Naive Bayes classifier

introduction

This post is a tutorial on naive Bayes classifier. As you will see, the underlying idea is quite natural and intuitive. To be concrete, let’s compare apples and oranges.

I will consider three features for the fruits:

weight (\(x_1\)): either continuous or binary (greater or less than a cutoff)
color (\(x_2\)): red / green / orange
tenderness (\(x_3\)): soft / hard

In probability theory, the treatments for continuous and discrete variables are slightly different. If you want to be more relaxed, think of weight as a binary feature.

The problem can be formulated as follows. We already have a lot of apples and oranges in stock and have recorded the features \((x_1, x_2, x_3)\) for each of them. Now a new fruit comes in and we need to decide whether it is an apple or an orange.

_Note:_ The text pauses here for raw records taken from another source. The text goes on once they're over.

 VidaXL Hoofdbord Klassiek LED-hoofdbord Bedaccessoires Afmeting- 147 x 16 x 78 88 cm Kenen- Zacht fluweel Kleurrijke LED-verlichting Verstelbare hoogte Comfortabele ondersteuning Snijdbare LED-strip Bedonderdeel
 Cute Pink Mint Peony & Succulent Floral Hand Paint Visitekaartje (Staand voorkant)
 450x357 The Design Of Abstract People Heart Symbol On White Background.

To make the notation simple, let’s define a class label \(y\) and

apple: \(y=0\)
orange: \(y=1\)

brain storming

It may be very tempting to use the following approach:

find a few fruits in stock that resemble the new one
do a majority vote on them

It is surely a valid and very practical approach. It is essentially the k-nearest neighobors algorithm. But for the sake of this post, let’s think of something else.

more brain storming

To me, it’s also very tempting to think of the following

calculate the distributions for individual features using fruits in stock
check where the new fruit stands in these distributions and then decide

Basically the first step estimates \(P(x_i|y)\) using existing data and the second step requires some judgement. In the figure below, I generated some fictitious \(P(x_i|y)\).

features

Now suppose the new fruit is heavy, green and hard. Based on the plots, we can confidently conclude that it is an apple.

digression No. 1

You may wonder why do we estimate \(P(x_i|y)\), instead of \(P(\mathbf x|y)\). Indeed, it makes more sense to use the latter to make predictions on the new fruit and it is essentially the maximum likelihood method.

However, there are several reasons against it:

My little brain prefers to think about single-variable, rather than multi-variable functions
With a given dataset (sample size), it’s easier and much more reliable to estimate single-variable distributions.

Of course the second reason is a more practically limiting one. With the curse of dimensionality, accurate estimation of the joint probability distribution quickly becomes difficult as the number of features increases. To make things worse, the features may be continuous variables, and we may not have good prior information about the functional form of their distributions. In these cases, estimating \(P(\mathbf x|y)\) from a dataset becomes mission impossible.

digression No. 2

What if the new fruit is medium weight, red and soft?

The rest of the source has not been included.